* _DATA SHOWN_:
* * * *

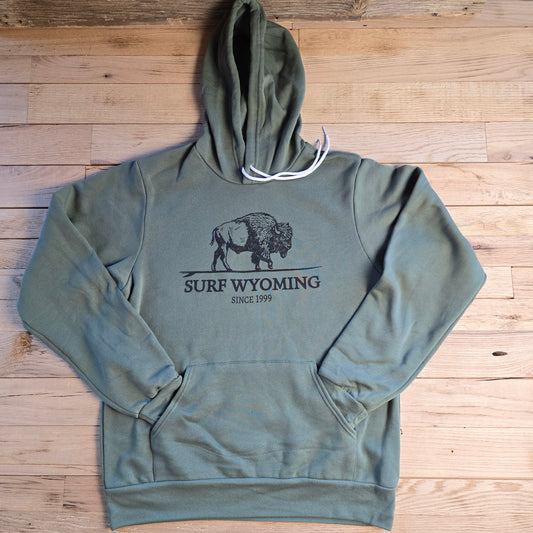 Surf Wyoming®Bison Classic Fleece Hoodie - military green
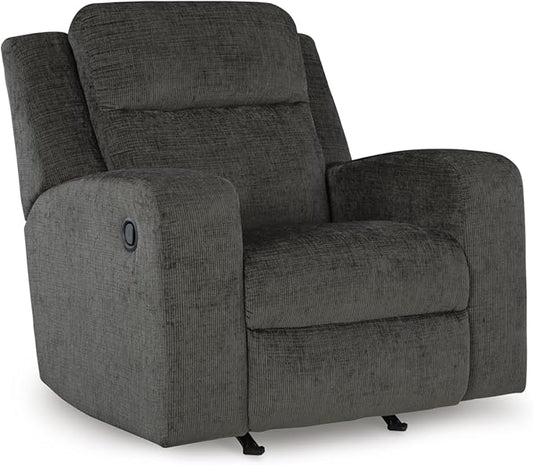 Signature Design by Ashley Kanlow Casual Manual Rocker Recliner with Track Arms, Gray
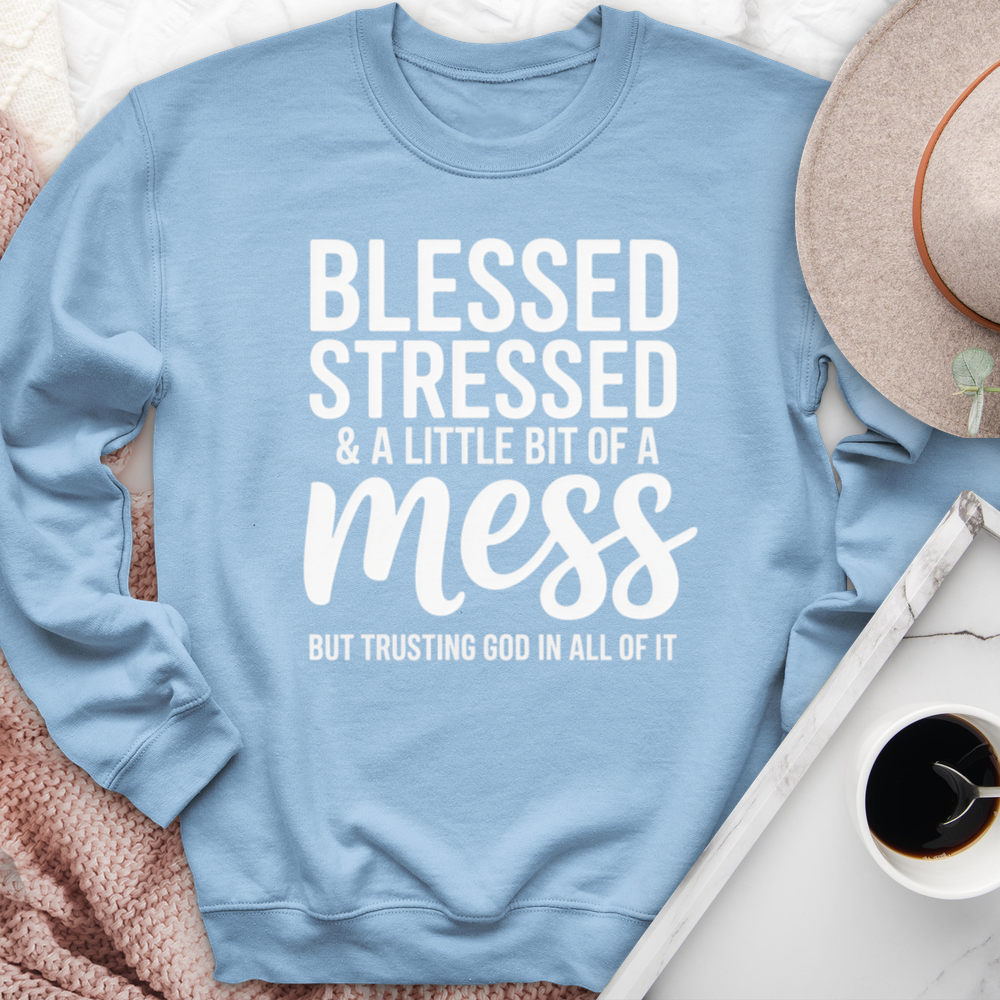 Blessed Stressed & A Little Bit Of A Mess Crewneck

* * * *

* _PROMPT_:
The material should be returned verbatim, with all images omitted.

* _ANSWER TO THIS EXERCISE_:
 Surf Wyoming®Bison Classic Fleece Hoodie - military green
 Signature Design by Ashley Kanlow Casual Manual Rocker Recliner with Track Arms, Gray
 Blessed Stressed & A Little Bit Of A Mess Crewneck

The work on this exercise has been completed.